Katmandu havaalanına geldiğimizde bir hengamedir gidiyordu. Fakat sorunsuz girdik bekleme salonuna. Kısa bir süre sonra uçağa binmek üzere çağırıldık. Uçağa ulaştığımızda görüntü pek te hoş değildi. Uçak çok küçük ve hiç te güven verici değil… Kargo yüklenene kadar otobüs içinde uçağın yanında bekledik. Zira kargo yolcudan daha önemli!... Bayağı uzun sürdü kargonun yüklenmesi. Binebilirsiniz dediklerinde hepimiz koşuşturduk. Topu topu 11-12 kişiyiz. Ben dahil, yedisi yabancı. Amaç sol tarafta yer kapmak. Ama havanın puslu olması sonucu bu koşuşturma hiç mi hiç işe yaramadı. (Dönüşte hiç zahmet etmedim. Neresi boşsa oraya oturdum.)
Uçağın içi daha da dökülüyor.
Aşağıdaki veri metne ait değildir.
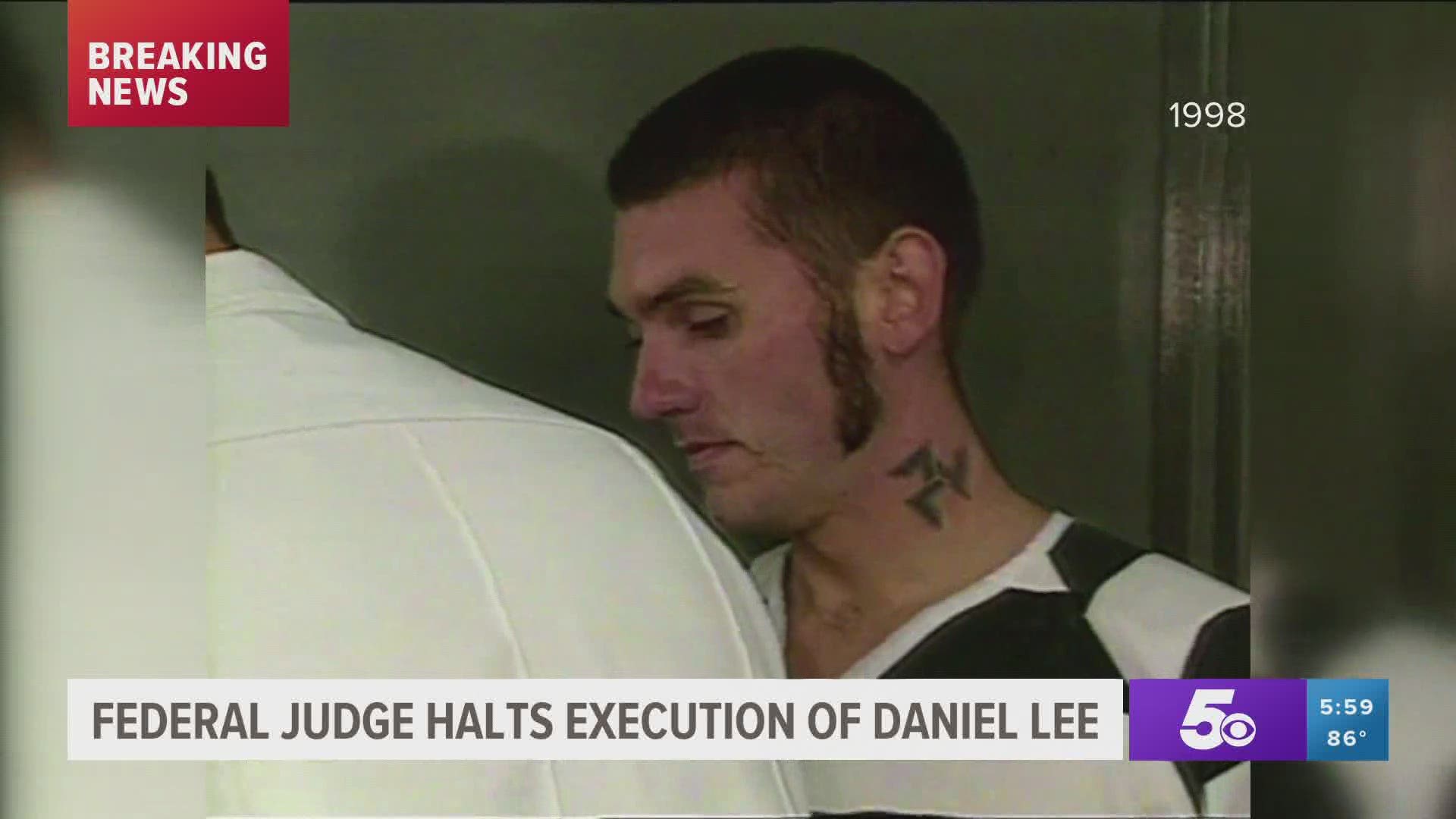 Federal Judge halts execution of Daniel Lee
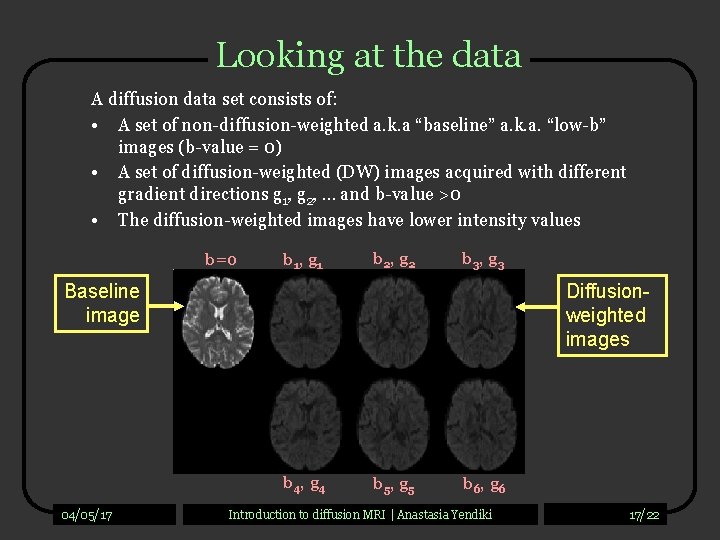 Looking at the data A diffusion data set consists of: • A set of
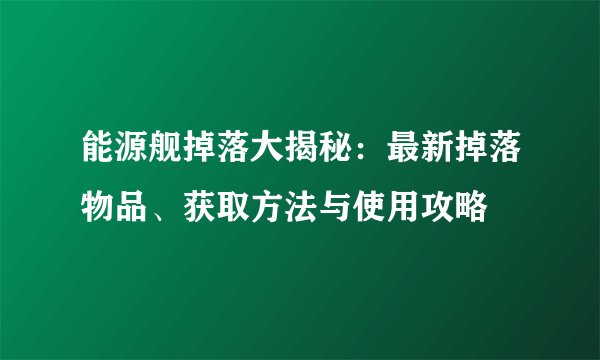 能源舰掉落大揭秘：最新掉落物品、获取方法与使用攻略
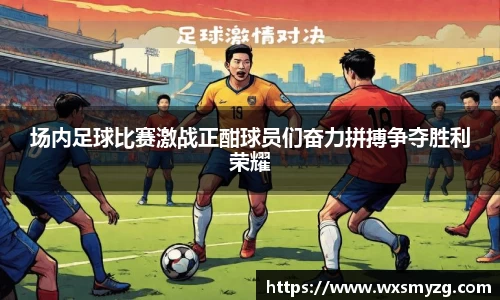 场内足球比赛激战正酣球员们奋力拼搏争夺胜利荣耀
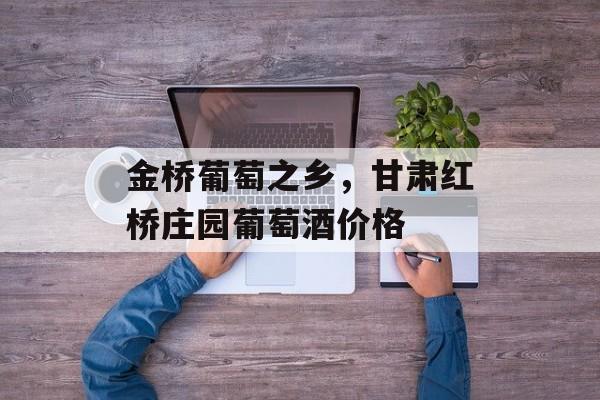 金桥葡萄之乡，甘肃红桥庄园葡萄酒价格-第1张图片-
Biraz sonra hostes pamuk ve şeker dağıttı. Ben Hakan’dan dolayı bildiğim için pamuğu yadırgamadım. Pamuğu uçağın aşırı gürültüsüne karşı kulakları tıkamamız için veriyorlar.
Pilotlar çok iyi bir kalkış yaptı. Ancak Lukla’ya yaklaşırken bir ik ufak hava boşluğuna rastladık. İşte o zaman biraz hoş oldum. Ellerim hemen tutunacak bir yerler aradı. Önümde oturan Amerikalı oğlan kolunu uzatıp eşinin bacağını sıkınca kıskanmadım desem yalan olur…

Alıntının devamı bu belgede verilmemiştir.